This PR adds the TDD issue-capture test for bug #11121 per the project's Bug Fix Workflow. A failing test must be committed to master before the fix is implemented.

Additionally, this PR fixes two CI failures that were blocking the PR:

  • tdd_quality_gate: Renamed tag convention from @tdd_bug_N to @tdd_issue_N (matching CONTRIBUTING.md) and added TDD issue-capture PR detection so the gate correctly recognizes PRs that add @tdd_expected_fail (rather than requiring its removal as a bug fix PR would).
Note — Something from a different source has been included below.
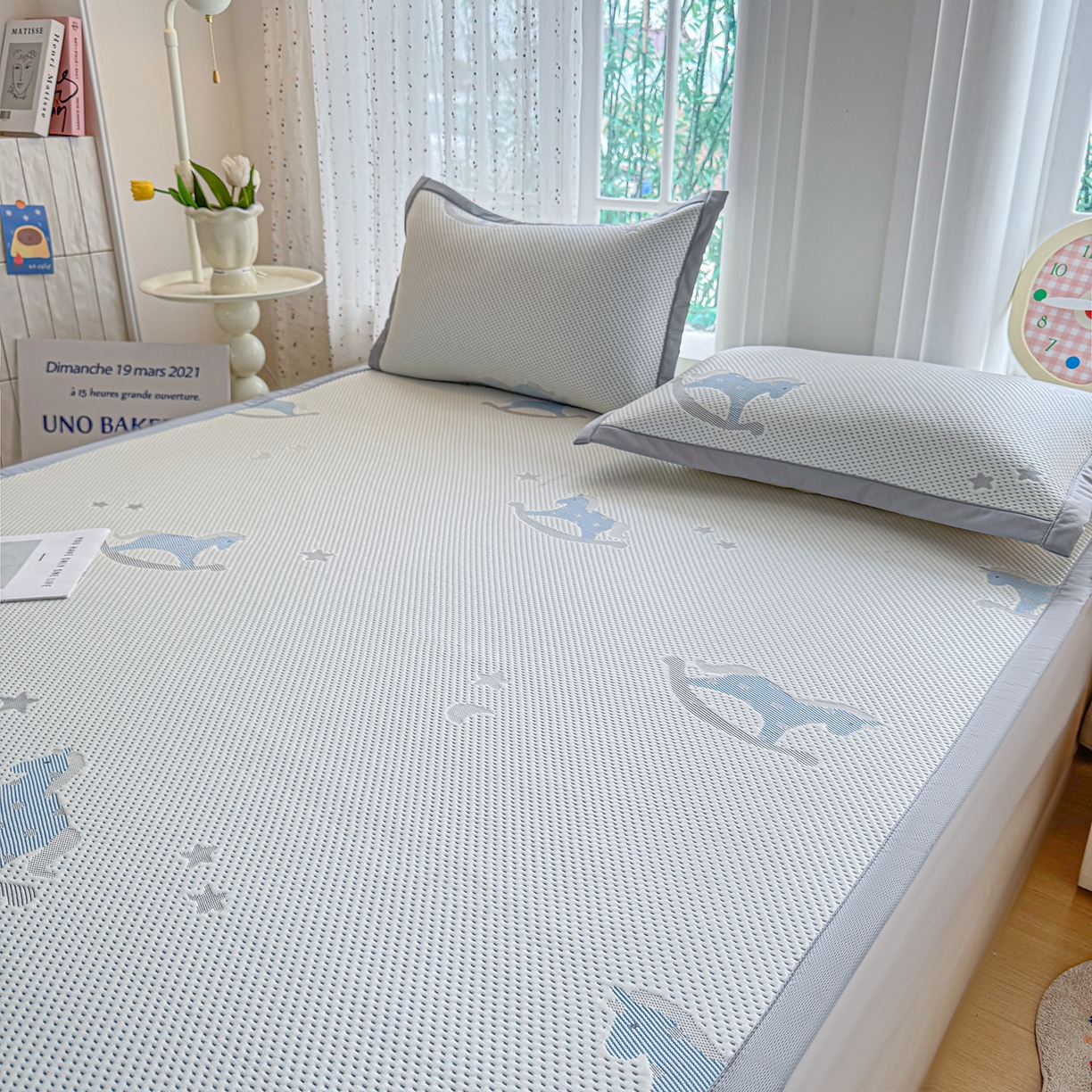 91家纺网 家纺一手货源 找家纺 小萌虎 2026新款乙纶PE提花冰豆豆凉席卡通床席款 摇摇马-蓝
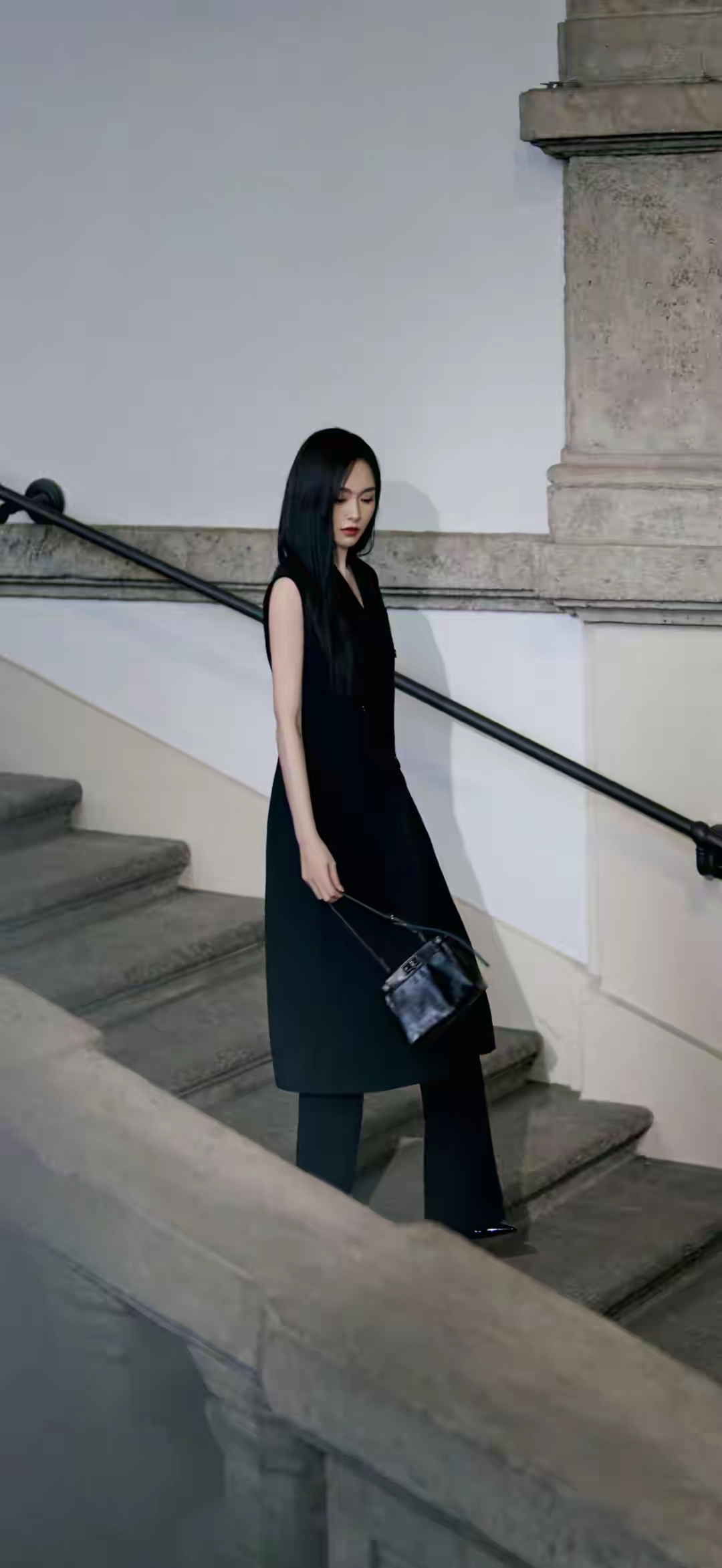 内娱女星门面担当唐嫣壁纸，唐嫣最新干练御姐风壁纸美图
  • integration_tests: Fixed a GraphRecursionError in PlanGenerationGraph caused by _should_retry() attempting in-place state mutation in a LangGraph conditional edge function (which cannot persist mutations). Replaced with a proper _handle_retry() node that increments retry_count via state returns.

What was changed

TDD issue-capture test (issue #11120)

Added two Behave scenarios in features/tdd_cleanup_stale_destroys_execute_output.feature with step definitions in features/steps/tdd_cleanup_stale_destroys_execute_output_steps.py.

PlanGenerationGraph fix

  • src/cleveragents/agents/graphs/plan_generation.py: Removed in-place state mutation from _should_retry(), added _handle_retry() node, updated _build_graph() to include the 5th node with proper routing.

TDD quality gate fix

  • scripts/tdd_quality_gate.py: Renamed @tdd_bug_N@tdd_issue_N, added _diff_is_tdd_issue_capture() for detecting issue-capture PRs, updated run_quality_gate() and main().
  • Updated all related tests and test helpers (features/tdd_quality_gate.feature, features/steps/tdd_quality_gate_steps.py, robot/helper_tdd_quality_gate.py, features/steps/plan_generation_uncovered_lines_steps.py, robot/plan_generation_graph.robot).

The Bug Being Captured

_create_sandbox_for_plan() in plan.py calls GitWorktreeSandbox.cleanup_stale() unconditionally on every agents plan execute invocation — including when the plan is already in execute/complete state (awaiting apply). This silently destroys the cleveragents/plan-<id> git branch that holds all execution output, causing agents plan apply to find zero artifacts and produce an empty changeset.

Root cause location: plan.py_create_sandbox_for_plan()GitWorktreeSandbox.cleanup_stale(resource.location, plan_id) (unconditional call)

Quality Gates

  • nox -e lint: All checks passed
  • nox -e typecheck: 0 errors
  • nox -e unit_tests: 693 features passed, 15679 scenarios passed
  • nox -e integration_tests: 2013 tests passed, 0 failed
  • nox -e coverage_report: 96.52% (threshold: 96.5%)
  • nox -e tdd_quality_gate: Issue-capture PR detected for bug #11121
  • nox -e e2e_tests: Pre-existing failure on master (unrelated)

Closes

Closes #11120

Unblocks

Bug fix issue #11121 is now unblocked. Once the fix is merged, @tdd_expected_fail is removed and these scenarios become permanent regression guards.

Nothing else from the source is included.